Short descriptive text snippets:
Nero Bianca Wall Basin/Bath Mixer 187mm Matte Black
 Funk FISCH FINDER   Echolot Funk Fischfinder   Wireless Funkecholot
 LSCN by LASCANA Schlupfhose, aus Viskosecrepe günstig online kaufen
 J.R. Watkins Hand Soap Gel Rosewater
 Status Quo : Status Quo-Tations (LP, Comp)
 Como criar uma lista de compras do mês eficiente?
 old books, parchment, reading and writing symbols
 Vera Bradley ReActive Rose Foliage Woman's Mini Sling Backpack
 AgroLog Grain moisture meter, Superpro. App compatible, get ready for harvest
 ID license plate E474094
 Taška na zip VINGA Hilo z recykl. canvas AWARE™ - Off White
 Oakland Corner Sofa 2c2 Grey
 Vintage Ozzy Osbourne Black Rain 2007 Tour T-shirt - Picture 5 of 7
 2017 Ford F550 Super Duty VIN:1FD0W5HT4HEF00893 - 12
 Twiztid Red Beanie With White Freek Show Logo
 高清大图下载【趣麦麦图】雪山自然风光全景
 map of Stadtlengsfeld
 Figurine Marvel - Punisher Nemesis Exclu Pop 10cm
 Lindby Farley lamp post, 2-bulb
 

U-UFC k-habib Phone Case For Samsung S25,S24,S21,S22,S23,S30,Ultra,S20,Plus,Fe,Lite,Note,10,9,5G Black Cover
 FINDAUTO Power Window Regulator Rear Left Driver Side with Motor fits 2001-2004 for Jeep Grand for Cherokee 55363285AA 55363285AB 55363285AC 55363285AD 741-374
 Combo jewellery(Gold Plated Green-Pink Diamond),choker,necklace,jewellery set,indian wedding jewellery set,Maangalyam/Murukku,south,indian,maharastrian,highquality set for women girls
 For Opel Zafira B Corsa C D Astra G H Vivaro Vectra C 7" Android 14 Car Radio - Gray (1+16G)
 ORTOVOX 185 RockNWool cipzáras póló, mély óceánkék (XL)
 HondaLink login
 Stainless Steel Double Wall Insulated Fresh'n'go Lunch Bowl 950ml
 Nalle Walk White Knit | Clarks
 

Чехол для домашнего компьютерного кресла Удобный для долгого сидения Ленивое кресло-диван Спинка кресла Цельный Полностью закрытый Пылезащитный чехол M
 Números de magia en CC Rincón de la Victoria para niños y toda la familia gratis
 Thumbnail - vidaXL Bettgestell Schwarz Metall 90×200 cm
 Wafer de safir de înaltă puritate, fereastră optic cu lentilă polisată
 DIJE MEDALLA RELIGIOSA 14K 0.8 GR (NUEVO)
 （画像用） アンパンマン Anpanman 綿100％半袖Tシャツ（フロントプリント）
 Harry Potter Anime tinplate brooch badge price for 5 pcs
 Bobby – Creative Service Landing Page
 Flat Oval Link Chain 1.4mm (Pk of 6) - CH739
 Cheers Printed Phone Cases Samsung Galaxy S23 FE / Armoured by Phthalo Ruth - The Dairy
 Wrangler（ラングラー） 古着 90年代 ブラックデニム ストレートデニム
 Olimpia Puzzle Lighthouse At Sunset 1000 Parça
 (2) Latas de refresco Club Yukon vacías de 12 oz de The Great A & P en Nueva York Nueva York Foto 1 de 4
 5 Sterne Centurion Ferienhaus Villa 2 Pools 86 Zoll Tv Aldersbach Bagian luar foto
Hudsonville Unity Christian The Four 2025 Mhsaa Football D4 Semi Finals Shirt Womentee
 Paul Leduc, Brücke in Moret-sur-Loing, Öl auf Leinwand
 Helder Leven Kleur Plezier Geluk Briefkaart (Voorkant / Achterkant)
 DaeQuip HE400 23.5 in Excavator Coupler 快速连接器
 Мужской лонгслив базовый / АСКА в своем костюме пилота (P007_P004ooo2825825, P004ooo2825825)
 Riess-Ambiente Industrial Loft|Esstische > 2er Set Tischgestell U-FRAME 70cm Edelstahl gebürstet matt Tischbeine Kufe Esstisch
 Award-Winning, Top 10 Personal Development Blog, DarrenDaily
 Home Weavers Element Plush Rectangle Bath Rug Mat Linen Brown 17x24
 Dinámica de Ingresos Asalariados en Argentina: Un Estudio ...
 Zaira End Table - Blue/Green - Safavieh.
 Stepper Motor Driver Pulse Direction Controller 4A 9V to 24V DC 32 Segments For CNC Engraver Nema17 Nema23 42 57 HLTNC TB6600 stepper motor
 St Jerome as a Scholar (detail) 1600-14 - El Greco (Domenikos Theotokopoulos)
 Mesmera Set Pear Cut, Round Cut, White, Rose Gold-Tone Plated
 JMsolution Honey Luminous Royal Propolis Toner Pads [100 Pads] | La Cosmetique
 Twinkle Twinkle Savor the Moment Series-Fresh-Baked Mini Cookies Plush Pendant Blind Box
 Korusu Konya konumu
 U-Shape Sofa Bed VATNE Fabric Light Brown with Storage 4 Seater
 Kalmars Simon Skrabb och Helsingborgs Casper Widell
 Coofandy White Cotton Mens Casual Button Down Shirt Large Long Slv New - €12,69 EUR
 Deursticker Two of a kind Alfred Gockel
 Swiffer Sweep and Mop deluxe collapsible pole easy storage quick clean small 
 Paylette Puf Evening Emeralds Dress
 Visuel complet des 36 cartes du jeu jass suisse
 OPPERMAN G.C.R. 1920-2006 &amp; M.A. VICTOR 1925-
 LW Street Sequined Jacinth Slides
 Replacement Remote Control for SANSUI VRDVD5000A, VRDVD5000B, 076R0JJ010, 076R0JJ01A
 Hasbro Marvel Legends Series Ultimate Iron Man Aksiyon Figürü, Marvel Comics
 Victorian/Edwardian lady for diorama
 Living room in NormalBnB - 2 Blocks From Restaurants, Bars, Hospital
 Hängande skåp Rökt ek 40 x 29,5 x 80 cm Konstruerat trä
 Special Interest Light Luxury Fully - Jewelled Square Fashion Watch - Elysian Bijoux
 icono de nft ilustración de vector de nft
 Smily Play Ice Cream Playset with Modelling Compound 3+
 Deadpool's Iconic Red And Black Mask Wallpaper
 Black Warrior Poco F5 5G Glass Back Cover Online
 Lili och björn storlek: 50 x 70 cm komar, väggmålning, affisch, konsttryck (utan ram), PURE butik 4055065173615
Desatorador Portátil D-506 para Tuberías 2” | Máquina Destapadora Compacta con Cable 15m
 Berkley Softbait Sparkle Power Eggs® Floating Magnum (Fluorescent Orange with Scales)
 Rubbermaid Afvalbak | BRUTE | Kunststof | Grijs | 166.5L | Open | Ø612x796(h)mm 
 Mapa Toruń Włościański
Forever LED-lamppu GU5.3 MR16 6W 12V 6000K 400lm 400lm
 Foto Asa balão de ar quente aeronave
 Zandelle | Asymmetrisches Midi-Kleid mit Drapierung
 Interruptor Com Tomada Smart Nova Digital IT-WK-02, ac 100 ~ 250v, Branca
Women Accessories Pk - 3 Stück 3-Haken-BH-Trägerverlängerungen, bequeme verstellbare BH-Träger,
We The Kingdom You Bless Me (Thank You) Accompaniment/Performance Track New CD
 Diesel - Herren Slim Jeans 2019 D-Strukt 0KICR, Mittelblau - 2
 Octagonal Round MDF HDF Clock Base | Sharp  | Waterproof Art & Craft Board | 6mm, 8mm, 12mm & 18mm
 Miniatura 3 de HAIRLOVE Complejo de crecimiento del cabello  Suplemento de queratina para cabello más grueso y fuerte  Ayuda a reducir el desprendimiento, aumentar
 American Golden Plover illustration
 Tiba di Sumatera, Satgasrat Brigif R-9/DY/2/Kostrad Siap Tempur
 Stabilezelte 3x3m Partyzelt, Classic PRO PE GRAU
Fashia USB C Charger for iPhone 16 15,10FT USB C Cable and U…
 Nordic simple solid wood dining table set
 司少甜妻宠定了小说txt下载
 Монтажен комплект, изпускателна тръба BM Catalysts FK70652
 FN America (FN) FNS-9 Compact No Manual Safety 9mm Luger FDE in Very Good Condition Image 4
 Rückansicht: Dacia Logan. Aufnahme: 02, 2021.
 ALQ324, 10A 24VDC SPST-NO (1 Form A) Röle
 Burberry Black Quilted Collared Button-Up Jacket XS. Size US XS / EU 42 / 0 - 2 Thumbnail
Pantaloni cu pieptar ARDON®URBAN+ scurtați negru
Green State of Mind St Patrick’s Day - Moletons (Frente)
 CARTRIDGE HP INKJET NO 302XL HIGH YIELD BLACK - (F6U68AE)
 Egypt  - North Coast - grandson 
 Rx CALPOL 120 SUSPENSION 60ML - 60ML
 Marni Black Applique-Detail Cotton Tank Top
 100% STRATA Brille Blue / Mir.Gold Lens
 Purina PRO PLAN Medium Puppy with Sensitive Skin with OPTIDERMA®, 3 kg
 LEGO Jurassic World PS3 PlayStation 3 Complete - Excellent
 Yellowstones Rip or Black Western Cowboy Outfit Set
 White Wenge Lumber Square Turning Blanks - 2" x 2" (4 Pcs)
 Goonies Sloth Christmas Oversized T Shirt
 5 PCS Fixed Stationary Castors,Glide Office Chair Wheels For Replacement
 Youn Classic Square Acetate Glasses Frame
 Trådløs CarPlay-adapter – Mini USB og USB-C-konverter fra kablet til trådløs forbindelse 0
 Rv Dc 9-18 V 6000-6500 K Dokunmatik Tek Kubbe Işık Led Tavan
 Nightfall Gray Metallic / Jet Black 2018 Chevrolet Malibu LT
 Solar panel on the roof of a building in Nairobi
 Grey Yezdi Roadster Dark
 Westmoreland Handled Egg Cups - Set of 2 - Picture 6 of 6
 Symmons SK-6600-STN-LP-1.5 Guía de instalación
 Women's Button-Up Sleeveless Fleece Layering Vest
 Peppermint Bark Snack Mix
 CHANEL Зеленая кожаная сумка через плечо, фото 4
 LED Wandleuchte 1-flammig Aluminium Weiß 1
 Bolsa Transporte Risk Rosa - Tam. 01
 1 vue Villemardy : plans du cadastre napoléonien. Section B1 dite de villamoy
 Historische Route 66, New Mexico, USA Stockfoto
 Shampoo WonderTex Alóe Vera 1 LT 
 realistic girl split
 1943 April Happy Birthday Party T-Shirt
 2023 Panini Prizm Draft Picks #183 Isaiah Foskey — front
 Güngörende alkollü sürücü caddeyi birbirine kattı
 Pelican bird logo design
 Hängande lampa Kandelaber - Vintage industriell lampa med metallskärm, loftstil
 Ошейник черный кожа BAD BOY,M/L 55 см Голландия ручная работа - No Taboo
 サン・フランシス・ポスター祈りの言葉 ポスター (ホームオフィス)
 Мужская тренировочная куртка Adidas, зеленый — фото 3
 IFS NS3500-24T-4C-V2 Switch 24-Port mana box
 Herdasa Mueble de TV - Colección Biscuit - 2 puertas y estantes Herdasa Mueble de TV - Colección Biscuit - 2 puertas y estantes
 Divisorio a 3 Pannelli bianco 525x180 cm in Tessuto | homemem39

◆ Exercise requirements ◆
Only the number is wanted. Count the lines above that include the word "Blue".

◆ Reply to the task ◆
2